Material for the task below:

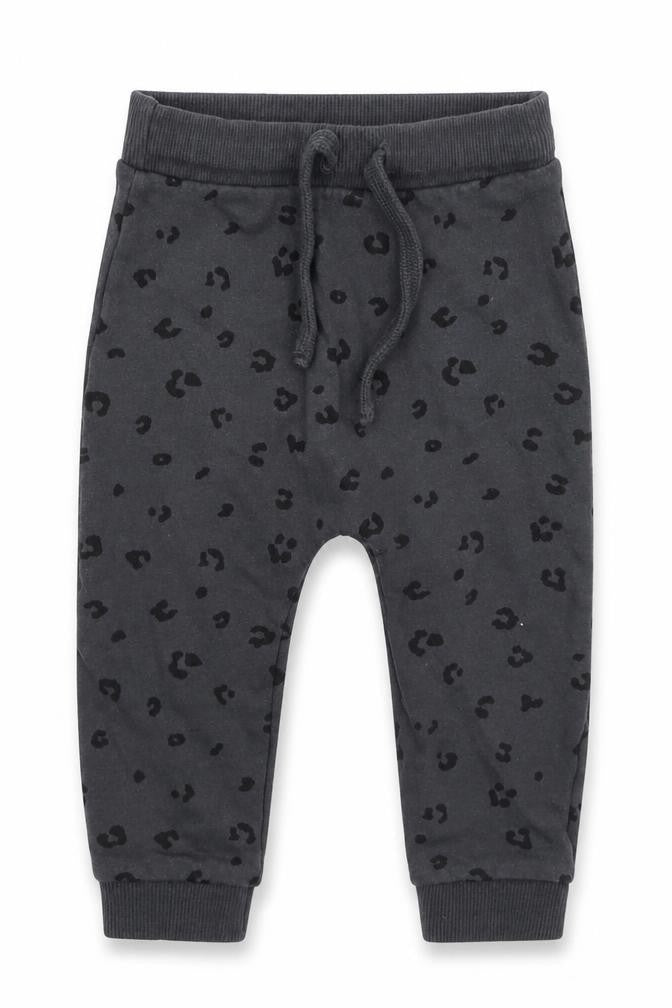 Disney Boys Grey Animal Print  Jogger Trousers Size 9-12 Months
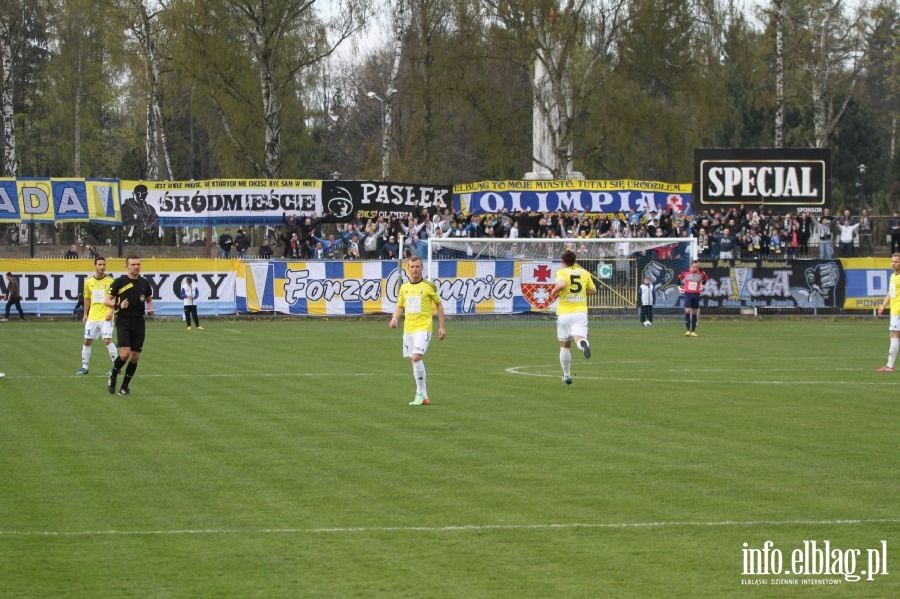 II liga: Olimpia Elblg - Wigry Suwaki 0:0, fot. 6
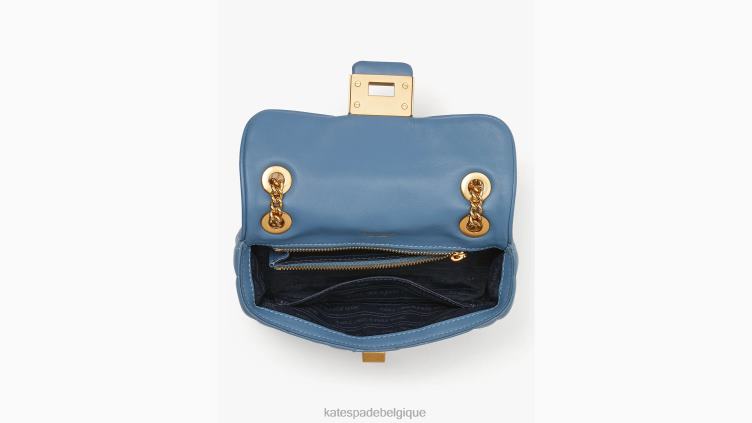 petit sac à bandoulière matelassé evelyn Kate Spade femmes accessoires D8288231 bleu mante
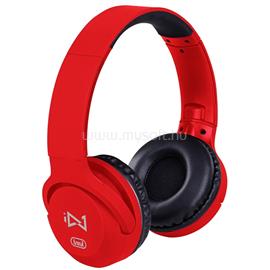 TREVI DJ 601 M mikrofonos sztereó fejhallgató (piros) DJ_601_M-R small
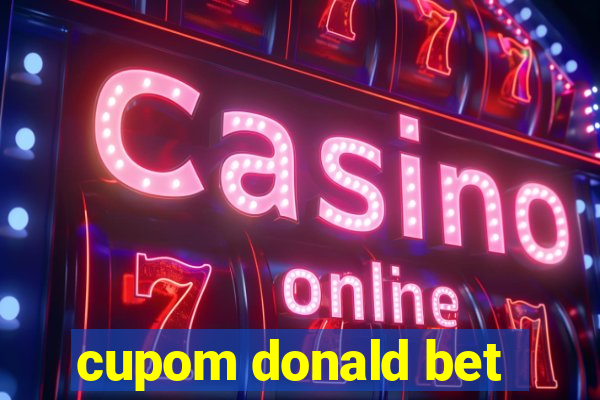 cupom donald bet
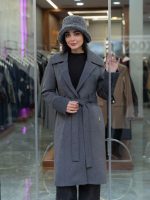 پالتو فوتر ۶۰ به ۴۰ یقه شکاری جلو باز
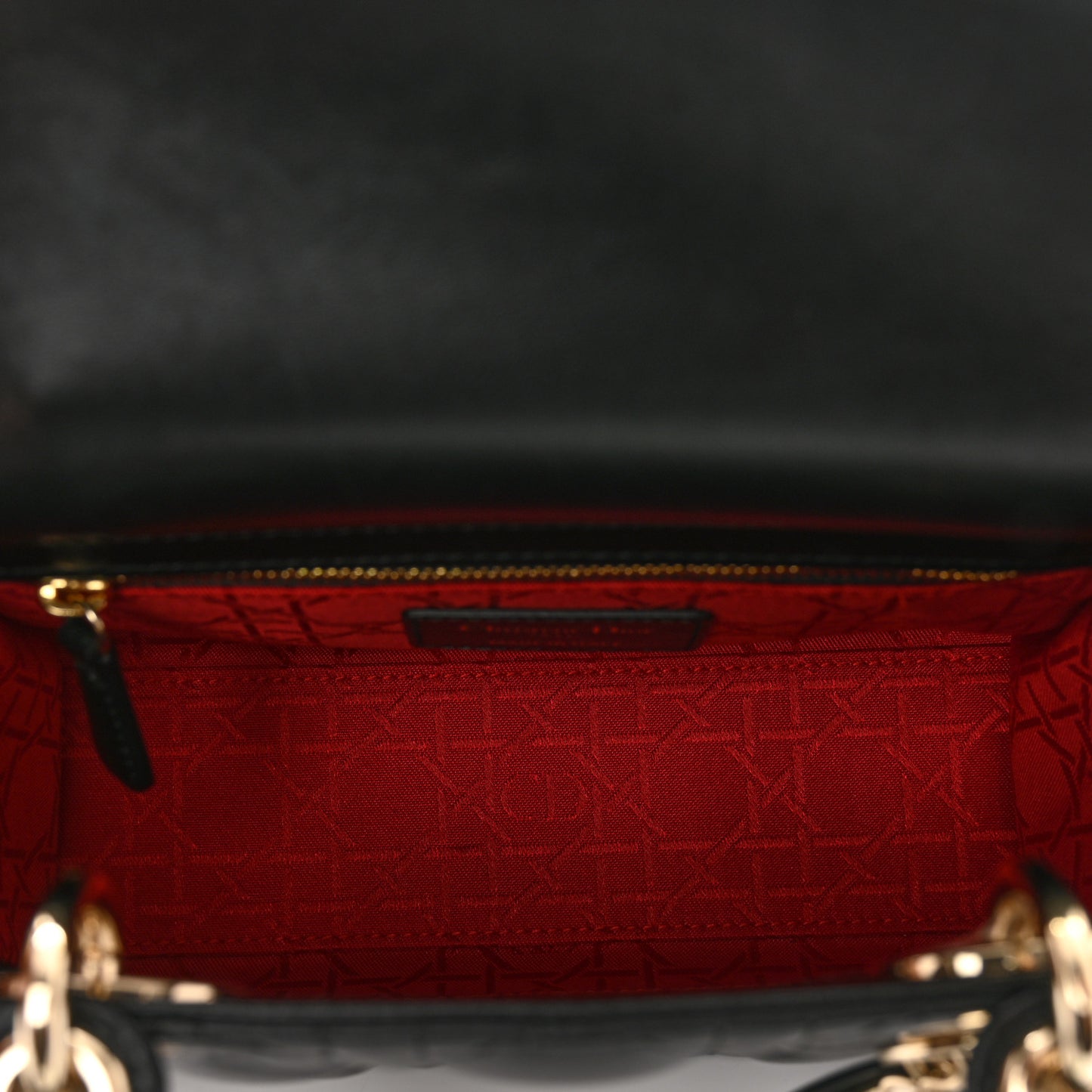 Lambskin Cannage Small My ABCDior Lady Dior Black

End of Material for the task.

● **Exercise directions**
The whole of the data above needs retyping exactly, with pictures omitted.

● **Exercise result**
 Disney Boys Grey Animal Print  Jogger Trousers Size 9-12 Months
 II liga: Olimpia Elblg - Wigry Suwaki 0:0, fot. 6
 petit sac à bandoulière matelassé evelyn Kate Spade femmes accessoires D8288231 bleu mante
 TREVI DJ 601 M mikrofonos sztereó fejhallgató (piros) DJ_601_M-R small
 cupom donald bet
 پالتو فوتر ۶۰ به ۴۰ یقه شکاری جلو باز
 Lambskin Cannage Small My ABCDior Lady Dior Black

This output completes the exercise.